Mas o poder dos cidadãos é, sobretudo, o poder para agir por eles mesmos, o poder para constituir-se em força autônoma. A cidadania não é uma prerrogativa que nos adviria de estarmos contados no censo populacional ou de estarmos alistados como eleitores num país. A cidadania é, sobretudo, uma prática que não pode ser delegada. Por tanto, é preciso opor claramente essa prática, esse exercício da ação cidadã, contra os discursos moralizantes que se ouvem por todos os lados, e que dizem que os cidadãos seriam responsáveis pela crise da democracia.

Esses discursos lastimam o desinteresse dos cidadãos pela vida pública e culpam os cidadãos pela deriva individualista dos consumidores. Esses supostos ‘chamamentos’ dos cidadãos ‘à responsabilidade’ só têm, de fato, um efeito: conseguem culpar os cidadãos, para prendê-los mais facilmente no jogo institucional que consiste apenas em selecionar, dentre os membros da classe dirigente, os que aceitem que lhes roubem a potência para agir.

“A cultura não tem qualquer papel particular como entidade global” 

O senhor também é apaixonado por cinema e literatura. Quais as consequências da crise, para a cultura? 

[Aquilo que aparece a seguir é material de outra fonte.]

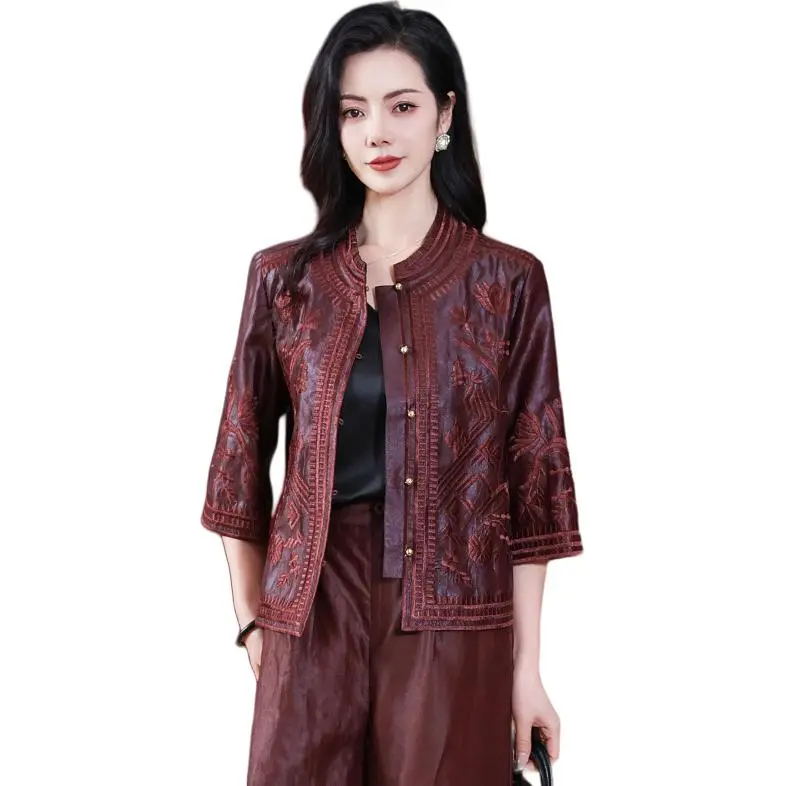 Yi Mengyuan 3/4 Sleeved Silk Shirt Women's-1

A situação atual é uma crise dos valores do comum, na qual o poder do capital sobre a sociedade manifesta-se no individualismo consumista. Nesse quadro, a cultura é, ao mesmo tempo, tanto o tecido da experiência do comum, que é ameaçado, invadido pelos valores mercantis, como é, também, a instância encarregada de remediar os efeitos dessa invasão, de opor as exigências da autonomia da arte, contra a estetização comercial. Ou de voltar a tecer as esfarrapadas redes do vínculo social.

Do meu ponto de vista, o poder capitalista exerce-se, em primeiro lugar, de cima para baixo, mediante políticas estatais que, sob o pretexto de lutar contra o egoísmo dos trabalhadores privilegiados e dos democratas individualistas, impõe, em nome da crise, um programa de submissão de todos os aspectos da vida comum às leis do mercado. 

Resultado disso é que hoje já não há qualquer papel que se possa atribuir à cultura como entidade global. O cenário está hoje dominado, em grande medida, pelas celebrações culturais oficiais e por discursos pressupostos “críticos”, mas todos, de fato, submetidos à lógica oficial.